BRIEF:
The answer must consist solely of the lines from the one containing "aria_look Walk'n'Dior Sneaker" to the end of the entries below, repeated exactly.

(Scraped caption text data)
_ _ _ _
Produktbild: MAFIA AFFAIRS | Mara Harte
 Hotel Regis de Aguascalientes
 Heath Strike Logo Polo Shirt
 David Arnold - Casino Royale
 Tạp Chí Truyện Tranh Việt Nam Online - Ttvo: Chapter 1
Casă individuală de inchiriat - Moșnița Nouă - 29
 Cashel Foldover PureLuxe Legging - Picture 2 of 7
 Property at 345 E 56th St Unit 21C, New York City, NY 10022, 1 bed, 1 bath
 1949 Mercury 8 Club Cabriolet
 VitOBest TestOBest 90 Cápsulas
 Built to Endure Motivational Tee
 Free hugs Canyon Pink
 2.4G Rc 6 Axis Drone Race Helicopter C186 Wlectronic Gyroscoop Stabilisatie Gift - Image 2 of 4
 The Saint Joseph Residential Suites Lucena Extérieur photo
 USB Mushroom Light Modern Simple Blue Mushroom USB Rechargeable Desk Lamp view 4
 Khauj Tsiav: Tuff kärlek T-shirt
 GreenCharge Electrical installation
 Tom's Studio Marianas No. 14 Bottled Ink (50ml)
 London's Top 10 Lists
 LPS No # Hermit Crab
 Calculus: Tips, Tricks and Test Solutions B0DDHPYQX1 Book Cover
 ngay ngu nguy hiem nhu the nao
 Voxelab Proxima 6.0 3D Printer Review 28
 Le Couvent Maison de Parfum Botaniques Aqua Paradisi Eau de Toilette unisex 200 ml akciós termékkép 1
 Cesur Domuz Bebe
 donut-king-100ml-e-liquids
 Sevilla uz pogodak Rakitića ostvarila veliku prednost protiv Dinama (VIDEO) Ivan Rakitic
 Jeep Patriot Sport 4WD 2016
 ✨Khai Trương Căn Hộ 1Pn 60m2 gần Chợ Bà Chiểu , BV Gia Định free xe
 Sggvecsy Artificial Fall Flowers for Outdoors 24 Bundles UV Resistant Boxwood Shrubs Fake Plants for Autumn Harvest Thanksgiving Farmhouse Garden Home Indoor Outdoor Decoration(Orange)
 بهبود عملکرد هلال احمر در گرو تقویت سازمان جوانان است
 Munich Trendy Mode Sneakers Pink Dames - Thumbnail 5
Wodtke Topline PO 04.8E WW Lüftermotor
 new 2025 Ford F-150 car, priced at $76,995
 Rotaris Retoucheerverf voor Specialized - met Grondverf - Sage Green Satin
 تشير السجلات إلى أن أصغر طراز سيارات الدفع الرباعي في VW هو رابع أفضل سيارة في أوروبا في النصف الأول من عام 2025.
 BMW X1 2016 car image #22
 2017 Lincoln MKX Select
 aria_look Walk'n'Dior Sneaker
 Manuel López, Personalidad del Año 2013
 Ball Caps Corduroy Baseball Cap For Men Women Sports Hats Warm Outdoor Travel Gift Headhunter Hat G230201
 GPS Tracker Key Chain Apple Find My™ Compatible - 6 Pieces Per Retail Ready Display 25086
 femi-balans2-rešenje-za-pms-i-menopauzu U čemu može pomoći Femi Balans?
_ _ _ _
RESPONSE:
 aria_look Walk'n'Dior Sneaker
 Manuel López, Personalidad del Año 2013
 Ball Caps Corduroy Baseball Cap For Men Women Sports Hats Warm Outdoor Travel Gift Headhunter Hat G230201
 GPS Tracker Key Chain Apple Find My™ Compatible - 6 Pieces Per Retail Ready Display 25086
 femi-balans2-rešenje-za-pms-i-menopauzu U čemu može pomoći Femi Balans?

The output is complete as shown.